Donor-Advised Funds (DAFs)
Unlike QCDs, DAFs have no age restriction and can be appealing to those who are uncertain about where they want their funds to go. With a DAF, the donor gives money or assets to a dedicated account at an umbrella charity and gets an immediate tax deduction. Donors can then postpone further giving decisions until they’re ready and the funds are invested and grow tax-free until disbursement. Logistically, DAFs are less complicated that QCDs, as the sponsors handle any required paperwork. Caution must be taken, however, to fully understand the effects of DAF contributions and their interplay with the standard deduction and AGI.

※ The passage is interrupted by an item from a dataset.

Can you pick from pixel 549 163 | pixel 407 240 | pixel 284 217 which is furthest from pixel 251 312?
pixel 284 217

This can be a useful tool for bunching contributions into a single year to exceed the new itemized deduction floor or to offset capital gains generated by investment portfolio repositioning.
Conclusion
Nonprofits face a challenging and uncertain future under the OBBBA. While the universal charitable deduction provides a new avenue for fundraising from smaller donors, this positive effect may be outweighed by the reduced tax incentives for high-income and corporate donors, who historically contribute a significant portion of charitable funds. If you’re so inclined and financially able to do so, there is no better time than now to donate to a cause that you believe in.
As usual there are caveats surrounding each donor and their individual circumstances. Even though these vehicles are now quite common and standardized, be sure to consult with your financial advisor and tax accountant before proceeding.